Critics alleged Harris slept her way to the top, an accusation that fails to consider she has never lost a general election in six tries, starting with the DA’s office, then the California attorney general, the U.S. Senate, and finally, the vice president.
Yet the juvenile belittling continues.
At Donald Trump‘s already infamous Madison Square Garden rally, one speaker insisted “(Harris) and her pimp handlers will destroy our country.”
She’s been accused by some Christian nationalist leaders of being possessed by a “Jezebel spirit.” And, using a familiar trope aimed at women seeking the presidency, Trump declared Harris would be unable to handle strong world leaders like Russian President Vladimir Putin.
“She’ll be so easy for them,” the former president told Fox News. “She’ll be like a play toy.”
But the Ohio billboard may represent a new low. Kennedy Outdoor Advertising’s spokesperson said there was but one vetter for the billboard and that person thought it portrayed the vice president as a “crybaby.”

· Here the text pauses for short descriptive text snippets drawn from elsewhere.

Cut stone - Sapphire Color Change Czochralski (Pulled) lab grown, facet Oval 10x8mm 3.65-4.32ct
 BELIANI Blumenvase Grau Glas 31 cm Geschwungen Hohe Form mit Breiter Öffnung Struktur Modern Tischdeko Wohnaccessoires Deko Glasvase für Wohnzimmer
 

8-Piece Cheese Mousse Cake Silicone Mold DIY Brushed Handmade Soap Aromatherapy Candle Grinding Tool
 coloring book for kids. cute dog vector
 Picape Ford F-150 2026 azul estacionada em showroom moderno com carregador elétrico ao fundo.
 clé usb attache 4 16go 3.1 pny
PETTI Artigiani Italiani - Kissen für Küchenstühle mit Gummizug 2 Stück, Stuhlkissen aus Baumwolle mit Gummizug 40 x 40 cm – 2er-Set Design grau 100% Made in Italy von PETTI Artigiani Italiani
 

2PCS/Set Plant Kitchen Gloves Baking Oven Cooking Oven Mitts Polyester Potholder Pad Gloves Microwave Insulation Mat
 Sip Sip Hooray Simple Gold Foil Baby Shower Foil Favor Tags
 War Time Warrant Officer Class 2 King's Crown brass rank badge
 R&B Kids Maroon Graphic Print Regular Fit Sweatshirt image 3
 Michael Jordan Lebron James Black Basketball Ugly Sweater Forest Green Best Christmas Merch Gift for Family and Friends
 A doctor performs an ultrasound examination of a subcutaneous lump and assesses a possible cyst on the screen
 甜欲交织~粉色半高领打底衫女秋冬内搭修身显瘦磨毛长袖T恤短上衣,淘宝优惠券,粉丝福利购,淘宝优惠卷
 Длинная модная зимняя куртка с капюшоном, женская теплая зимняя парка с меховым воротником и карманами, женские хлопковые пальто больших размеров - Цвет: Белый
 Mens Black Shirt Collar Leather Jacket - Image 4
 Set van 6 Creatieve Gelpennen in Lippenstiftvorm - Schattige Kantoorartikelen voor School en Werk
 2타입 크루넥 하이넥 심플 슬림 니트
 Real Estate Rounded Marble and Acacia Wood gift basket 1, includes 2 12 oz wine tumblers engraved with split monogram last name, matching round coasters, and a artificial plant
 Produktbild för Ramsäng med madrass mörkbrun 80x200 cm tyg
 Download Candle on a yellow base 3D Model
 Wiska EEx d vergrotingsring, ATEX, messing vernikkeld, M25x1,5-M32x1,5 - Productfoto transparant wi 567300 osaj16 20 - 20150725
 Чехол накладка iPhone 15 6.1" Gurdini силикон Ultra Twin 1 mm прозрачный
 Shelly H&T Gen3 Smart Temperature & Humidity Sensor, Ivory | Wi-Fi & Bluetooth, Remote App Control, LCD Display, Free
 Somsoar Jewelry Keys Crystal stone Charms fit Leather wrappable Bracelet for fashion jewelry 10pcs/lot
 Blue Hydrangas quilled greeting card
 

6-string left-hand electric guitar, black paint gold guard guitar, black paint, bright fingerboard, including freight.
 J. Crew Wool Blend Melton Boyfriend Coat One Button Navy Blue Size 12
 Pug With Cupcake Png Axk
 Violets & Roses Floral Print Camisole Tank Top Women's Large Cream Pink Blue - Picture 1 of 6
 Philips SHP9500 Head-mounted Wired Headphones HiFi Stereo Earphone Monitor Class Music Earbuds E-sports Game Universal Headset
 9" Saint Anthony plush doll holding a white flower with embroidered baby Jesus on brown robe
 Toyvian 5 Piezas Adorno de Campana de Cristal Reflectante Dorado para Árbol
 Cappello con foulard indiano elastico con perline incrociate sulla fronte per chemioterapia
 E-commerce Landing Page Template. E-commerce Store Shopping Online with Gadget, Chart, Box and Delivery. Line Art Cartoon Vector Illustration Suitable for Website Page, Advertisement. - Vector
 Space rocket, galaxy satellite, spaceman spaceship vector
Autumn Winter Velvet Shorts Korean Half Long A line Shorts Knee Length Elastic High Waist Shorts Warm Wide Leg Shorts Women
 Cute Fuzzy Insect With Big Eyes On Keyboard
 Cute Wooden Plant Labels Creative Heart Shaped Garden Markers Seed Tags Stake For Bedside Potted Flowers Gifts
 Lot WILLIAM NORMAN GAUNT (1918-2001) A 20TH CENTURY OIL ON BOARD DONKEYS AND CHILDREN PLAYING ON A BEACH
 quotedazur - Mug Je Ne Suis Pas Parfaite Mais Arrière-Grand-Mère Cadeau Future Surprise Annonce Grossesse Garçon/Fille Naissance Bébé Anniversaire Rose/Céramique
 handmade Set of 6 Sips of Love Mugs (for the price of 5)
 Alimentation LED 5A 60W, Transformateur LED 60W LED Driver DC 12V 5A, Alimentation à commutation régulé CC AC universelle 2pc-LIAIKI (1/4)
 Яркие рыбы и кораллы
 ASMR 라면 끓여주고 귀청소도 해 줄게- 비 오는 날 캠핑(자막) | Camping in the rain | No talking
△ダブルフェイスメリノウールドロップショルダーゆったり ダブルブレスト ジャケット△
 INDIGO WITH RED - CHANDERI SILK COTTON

The copy features text surrounding the doctored photo that read: “Kamala can’t talk right now. She’s at a baby shower.”
“If there would have been three to four people looking at this artwork, it probably would have never made it to the billboard, obviously,” the spokesperson said. “But if there’s one person reviewing it, they may not think anything of it or realize the sexual innuendo that the ad presented. It’s not like the ad goes through five or six people to review and approve it.”
“Some folks are just filthy…I am glad that someone had the good sense to take down this crap…” wrote one commenter on X.
Chimed in another, “It shows who THEY are Misogynistic liars.”
The Harris billboard was juxtaposed with a neighboring billboard featuring Trump’s face, accompanied by a quote from the former president: “In reality, they’re not after me, they’re after you. I’m just in the way.”
In the comments section of the article published by the Latin Times, one commenter wondered how anyone could make a moral argument in favor of Trump.
“This is a guy who has been convicted of sexual assault, hung out with a sexual predator, sexually assaulted his first wife, and would ogle young women as part of his duties as the owner of the Miss America pageants,” the reader stated. “And that is only a very few examples all documented in the public record. And you’re making moral judgments about Kamala Harris based on rumors. You can’t make that up.”